# [SOLVED] Prevent access to external hard drives from OSX Guest account?



## ottoru (Jan 2, 2008)

I have an iMac running latest Snow Leopard. Two external HDD are attached -- one for Time Machine and one containing nearly a TB of data files. I created a Guest account to allow visitors to access the internet -- but I want to prevent anyone messing up my data. I'd like to avoid having to physically & logically disconnect/reconnect these drives each time I allow someone brief access via Guest.

I find no instructions to do this. Can anyone guide me?

Thanks.


----------



## sinclair_tm (Mar 11, 2005)

*Re: Prevent access to external hard drives from OSX Guest account?*

Once enabled, click the Allow Parental Controls checkbox and then the button next to it for settings. There you should be able to only allow the account to use Safari. You should also be able to prevent them from saving anything.


----------



## ottoru (Jan 2, 2008)

*Re: Prevent access to external hard drives from OSX Guest account?*



sinclair_tm said:


> Once enabled, click the Allow Parental Controls checkbox and then the button next to it for settings. There you should be able to only allow the account to use Safari. You should also be able to prevent them from saving anything.

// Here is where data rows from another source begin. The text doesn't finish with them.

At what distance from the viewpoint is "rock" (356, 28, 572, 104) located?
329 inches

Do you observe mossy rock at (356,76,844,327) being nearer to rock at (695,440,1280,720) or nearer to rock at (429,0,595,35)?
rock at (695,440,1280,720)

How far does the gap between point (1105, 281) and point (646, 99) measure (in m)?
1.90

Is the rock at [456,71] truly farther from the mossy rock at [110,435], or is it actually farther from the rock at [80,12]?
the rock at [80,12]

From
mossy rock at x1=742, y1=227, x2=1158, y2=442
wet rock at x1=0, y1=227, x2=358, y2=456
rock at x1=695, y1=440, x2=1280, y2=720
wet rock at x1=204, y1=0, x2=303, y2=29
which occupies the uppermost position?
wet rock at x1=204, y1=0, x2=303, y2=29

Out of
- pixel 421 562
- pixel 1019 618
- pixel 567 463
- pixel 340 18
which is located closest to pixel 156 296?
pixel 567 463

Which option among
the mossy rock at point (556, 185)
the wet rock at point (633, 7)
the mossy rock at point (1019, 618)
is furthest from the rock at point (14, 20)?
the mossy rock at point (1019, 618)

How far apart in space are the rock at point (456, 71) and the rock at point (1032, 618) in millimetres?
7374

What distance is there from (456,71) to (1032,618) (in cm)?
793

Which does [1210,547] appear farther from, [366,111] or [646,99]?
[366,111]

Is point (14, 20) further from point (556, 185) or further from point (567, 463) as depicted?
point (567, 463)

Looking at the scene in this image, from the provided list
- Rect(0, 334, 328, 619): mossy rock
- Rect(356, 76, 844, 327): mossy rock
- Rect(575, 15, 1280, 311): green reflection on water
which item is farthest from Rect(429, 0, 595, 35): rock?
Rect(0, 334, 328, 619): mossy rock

Thanks a lot -- that's just what we needed!

One more trick seemed necessary: to turn off the regular Finder by choosing to use the "Simplified Finder," instead. (The regular Finder showed all the logical drives of the external HDD on the desktop. Their contents were fully modifiable. Simplified Finder seemingly made them invisible.) Does that seem right, and sufficient, to you?

We turned off all apps save Safari -- but found that we needed to enable a daemon for our Logitech mouse. Now we can add back a few apps, judiciously....

Thanks again for your prompt & spot-on assistance. ray:


----------



## sinclair_tm (Mar 11, 2005)

*Re: Prevent access to external hard drives from OSX Guest account?*

Sounds like you got it.


----------



## ottoru (Jan 2, 2008)

*Re: Prevent access to external hard drives from OSX Guest account?*



sinclair_tm said:


> Sounds like you got it.


----------



## ottoru (Jan 2, 2008)

*Re: Prevent access to external hard drives from OSX Guest account?*

Great! Thanks again. Do mark this as "SOLVED."


----------